Song Meaning
The lyrics paint a stark picture of lost innocence and the unsettling transition into adulthood. The narrator contrasts the "use of reason" with the "use of mystery," suggesting that gaining logic has come at the cost of wonder and perhaps a certain childlike fearlessness. This shift is immediately palpable, as the narrator admits that "evidence / always strange makes me afraid." This fear isn't abstract; it manifests in a poignant, almost surreal image of their dog barking in a kennel, a sound that might be a greeting but remains incomprehensible, highlighting a fundamental disconnect.
The central tension lies in the haunting presence of the past self. The "child I was" is not a fond memory but an active, disruptive force, working "like a hole" and calling out "with its silence." This internal conflict is amplified by looking at old photographs, where a vibrant, "impertinent and awake" child with "blond curls" stares back. The narrator questions this past self, "Who are you? What did you know?" feeling only weariness and fear in response to that youthful defiance.

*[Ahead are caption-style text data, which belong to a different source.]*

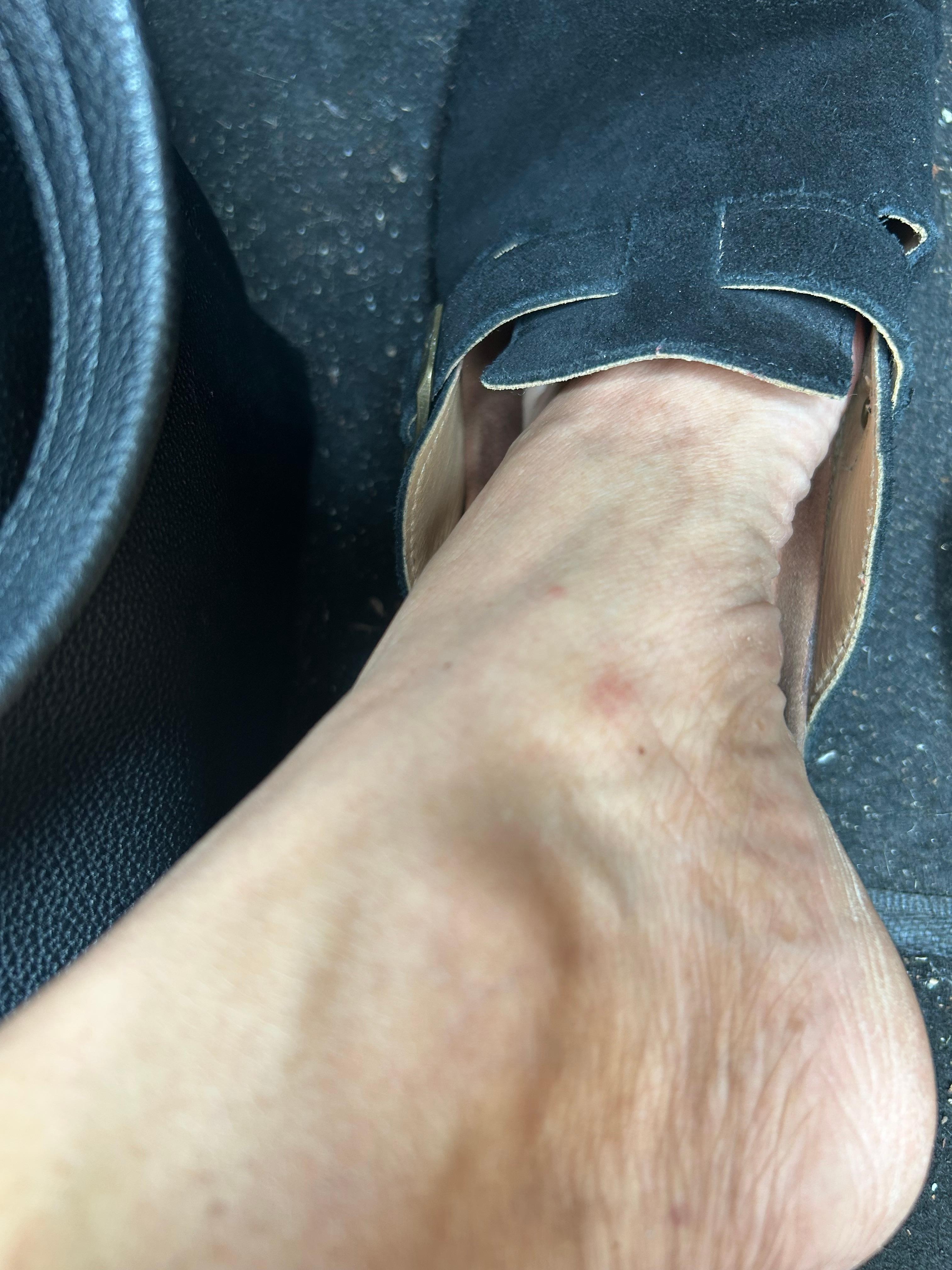 Bites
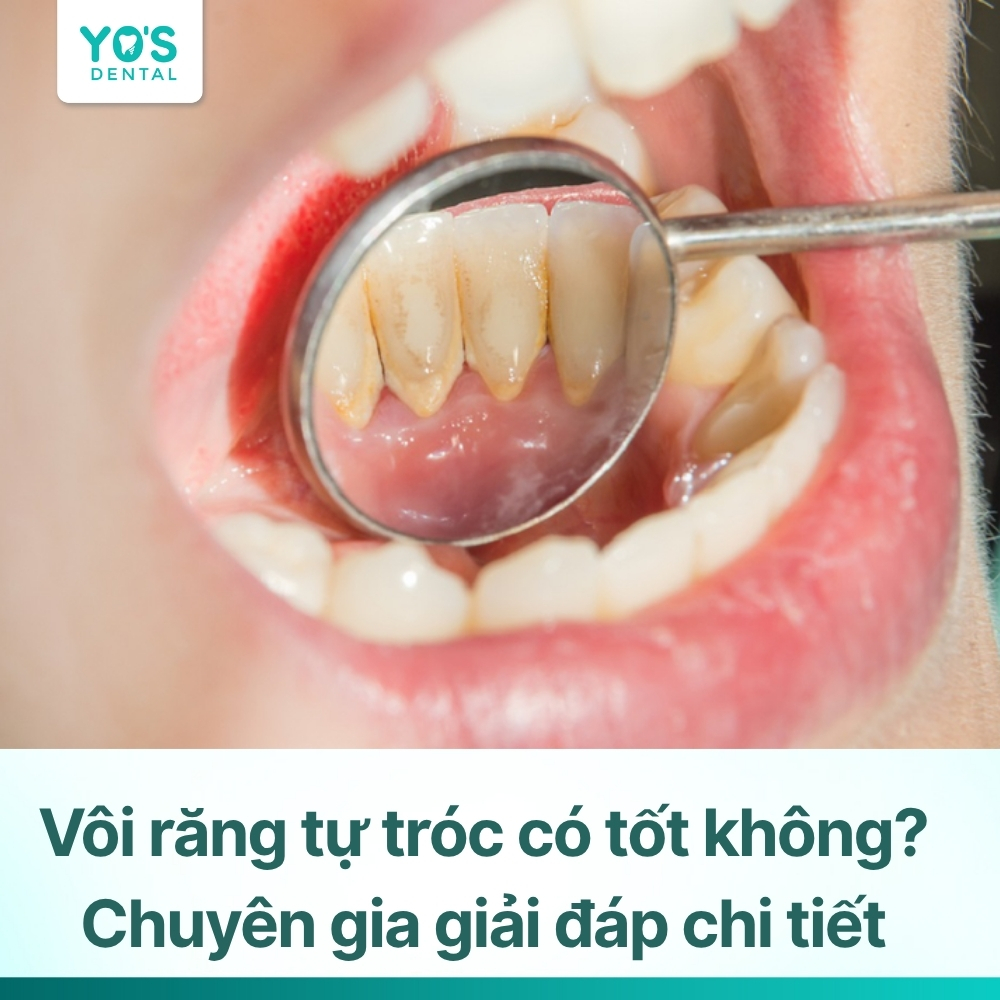 Vôi răng tự tróc có tốt không? Chuyên gia giải đáp chi tiết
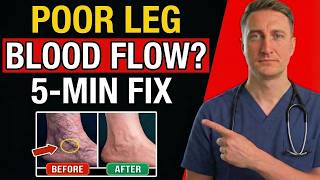 Poor Leg Circulation? 30-Second Test + 3 Fast Fixes for Better Blood Flow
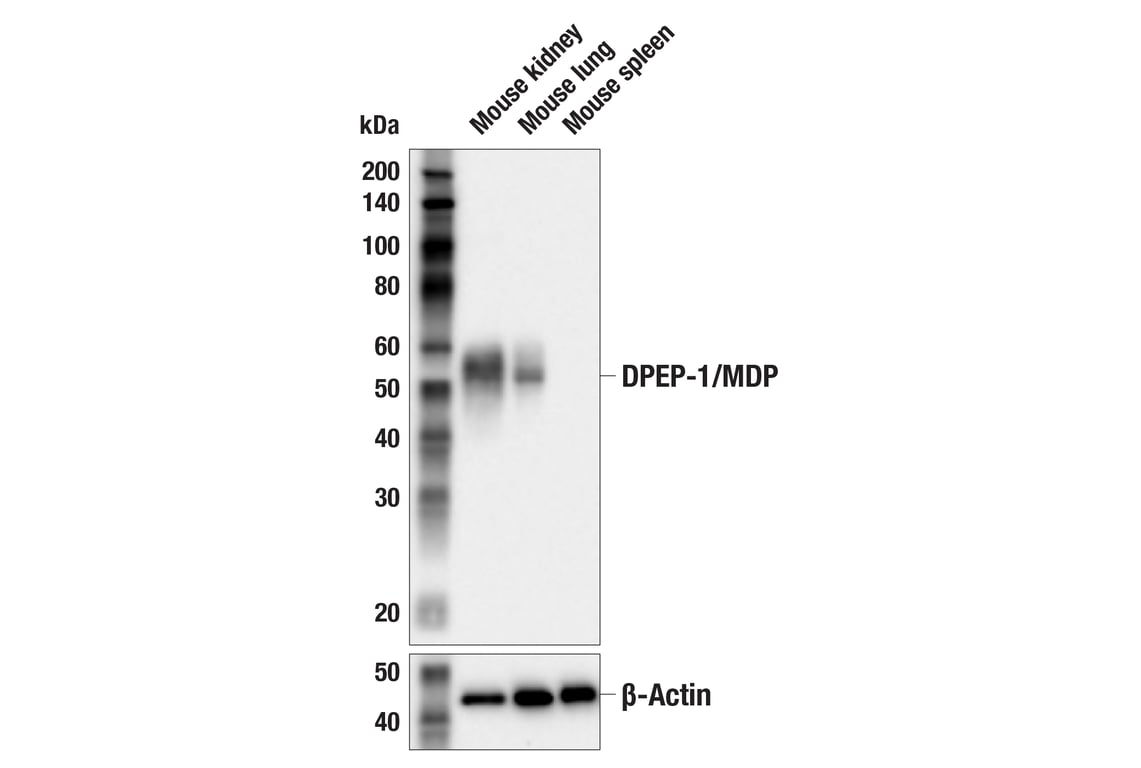 Western Blotting Image 2: DPEP-1/MDP (E5H7T) Rabbit Monoclonal Antibody
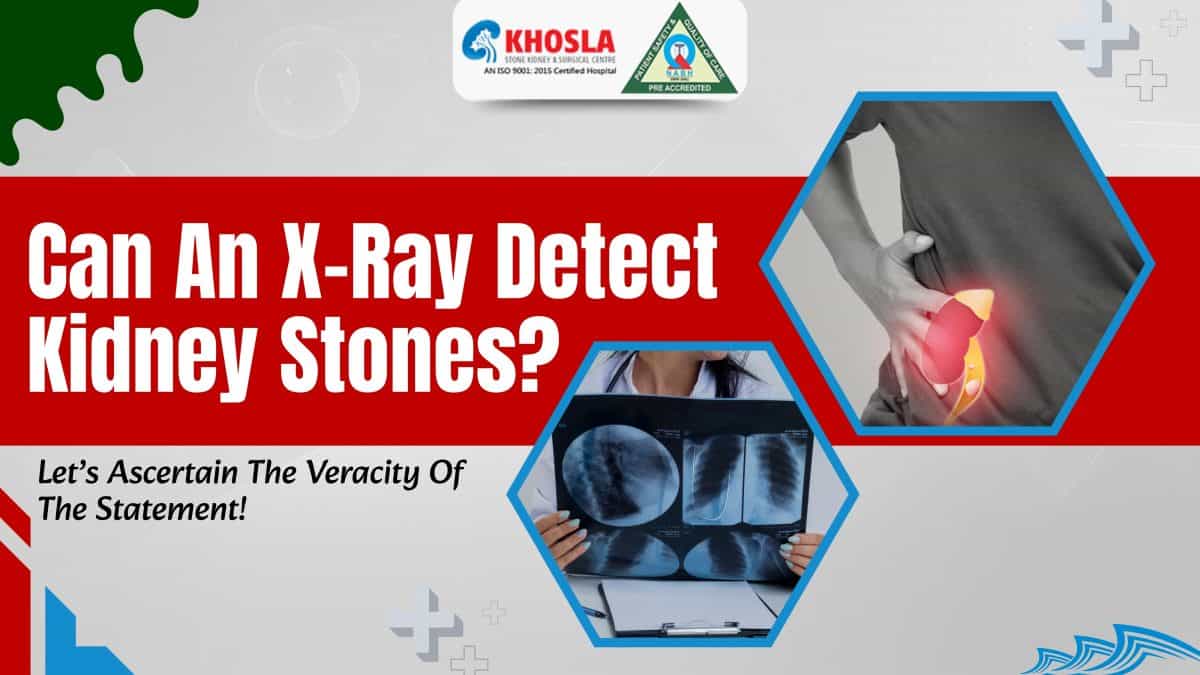 Can An X-Ray Detect Kidney Stones? Let’s Ascertain The Veracity Of The Statement!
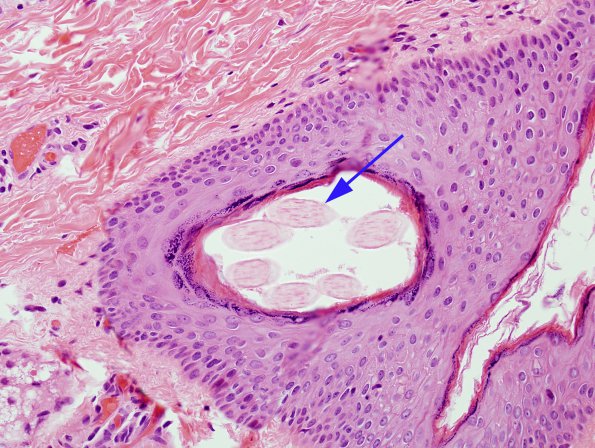 1B4 Cyst, dermoid type (Case 1) H&E 1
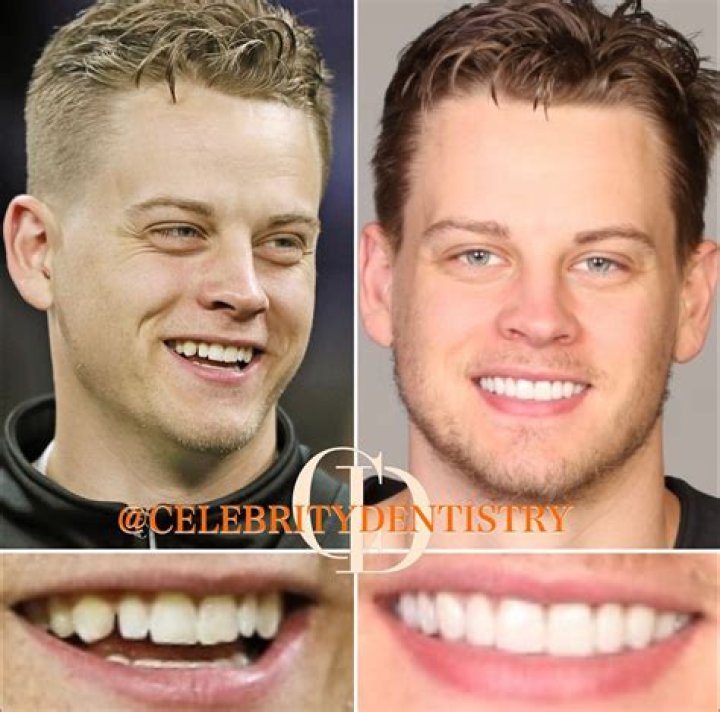 Uncover The Secrets Behind Joe Burrow's Unforgettable Teeth
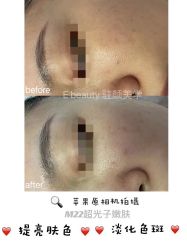 -E.beauty驻颜·痘敏肌调理中心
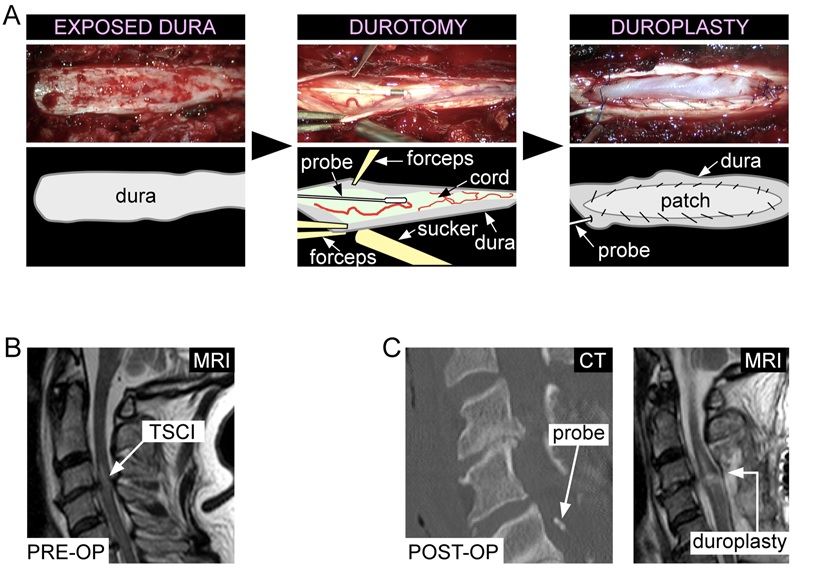 Duroplasty technique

The most striking aspect of the writing is how the narrator describes their current state as a broken system. They can no longer "break mirrors" without consequence, and their "system doesn't work / as it used to." This mechanical breakdown is tied to their inability to process emotions as they once might have; if their system functioned, they might cry differently or express themselves entirely through the incomprehensible barks of their dog. The act of writing these verses, then, becomes a coping mechanism, a way to create "curls with my verses" because they are "half bald," a metaphor for aging and the loss of youthful vitality.
Ultimately, these lyrics resonate because they articulate the disorienting feeling of outgrowing oneself. The narrator grapples with the loss of a perceived simpler, more mysterious existence, finding the rational world fraught with anxiety. The writing captures the melancholy of looking back at a self that seems both intimately familiar and utterly alien, a self whose vibrant energy now only serves to highlight the narrator's current sense of depletion and confusion.